Gli ambasciatori di Ankara nel mondo sono stati incaricati di propagandare ovunque sia possibile la solidità della democrazia turca e le sue lucrose opportunità economiche: lo ha fatto l’altro giorno anche Aydin Adnan Sezgin, ambasciatore a Roma. Ma dubbi e sfiducia crescono ogni giorno di più. Soprattutto fra i Paesi dell’Unione europea che è un partner economico fondamentale della Turchia. E viceversa.

Diplomazia e business non sempre viaggiano sullo stesso binario temporale: la prima è événementielle, per dirla con lo storico Fernand Braudel, la seconda di più lunga durata. Un esempio è il terzo ponte sul Bosforo costruito dal gruppo Astaldi, progettato ed edificato in tempi non sospetti ma che dovrebbe essere inaugurato il 26 agosto, in tempi invece turbolenti. A cerimonie di questo livello di solito partecipano ministri, ma se vi andrà uno italiano sarà il primo europeo a visitare la Turchia dall’inizio delle sue purghe post-golpiste. Se ci va crea un problema politico, se non ci va un danno economico. Che fare?
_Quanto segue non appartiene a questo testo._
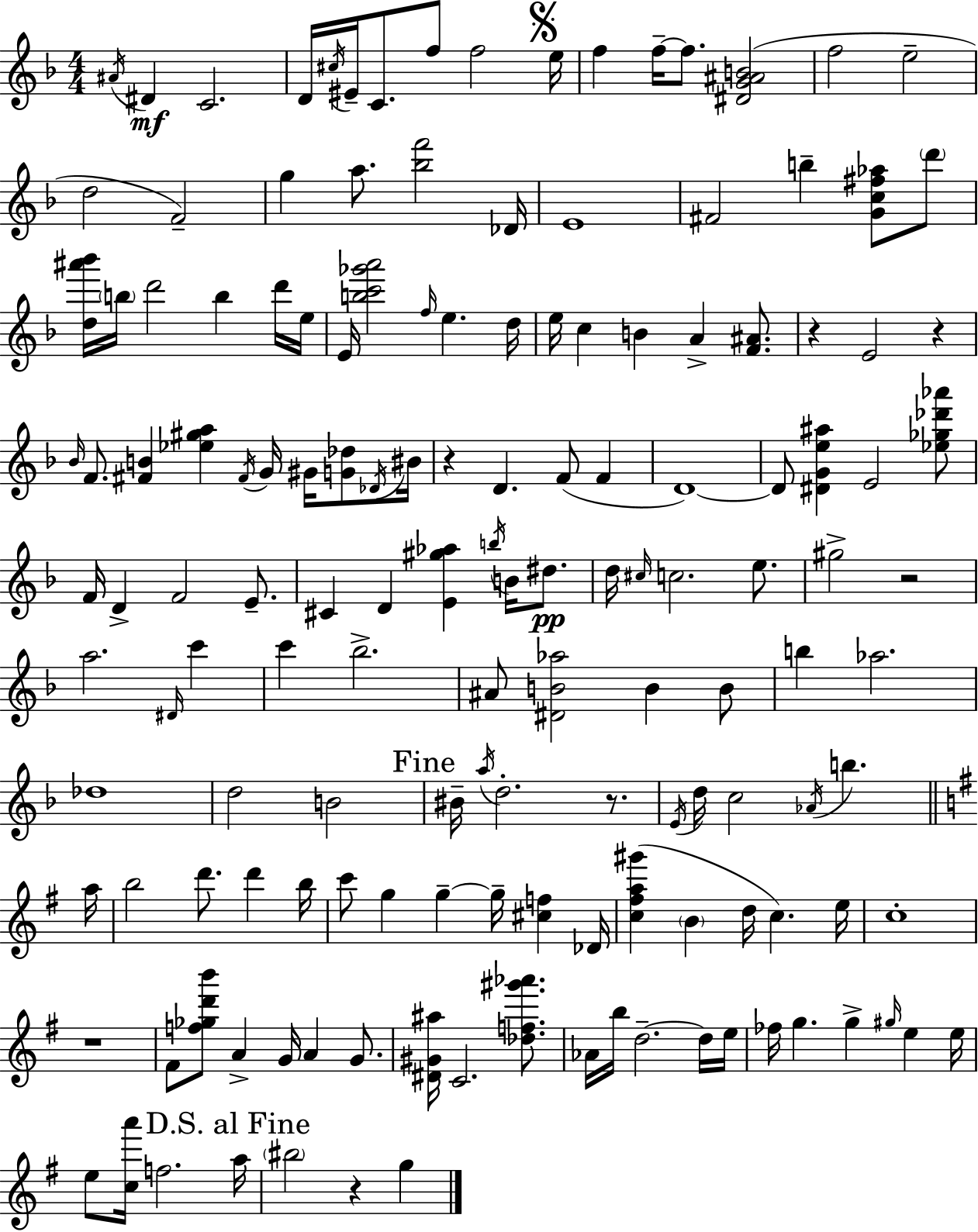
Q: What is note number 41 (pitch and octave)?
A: F#4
Lo stesso dilemma vale per l’Egitto, soprattutto dopo la tortura e l’assassinio di Giulio Regeni. Il nostro interscambio con il Cairo valeva più di 5 miliardi nel 2014; quello con Ankara circa 16 nel 2015. Erdogan in Turchia continua le sue epurazioni, al-Sisi in Egitto le sue repressioni violente: il 16 agosto Ahmad Abdallah, consulente legale della famiglia Regeni,in custodia cautelare dal 25 aprile, è stato picchiato nella sua cella. I suoi aguzzini gli hanno sequestrato i libri, fra i quali “1984” di George Orwell, una buona descrizione dell’Egitto di oggi.

In Turchia, in Egitto e, in questo crescente mediorientale di crisi, anche in Iran – un Paese che si è riaperto ma rimane pieno d’incognite - cosa devono fare i nostri imprenditori? Guardare al futuro o amministrare il presente fino a che è possibile? Sono tre Paesi storicamente importanti per le nostre imprese, in condizione di stabilità garantirebbero grandi opportunità. Ma in questo caso più delle imprese, è il governo che deve prendere decisioni di prospettiva.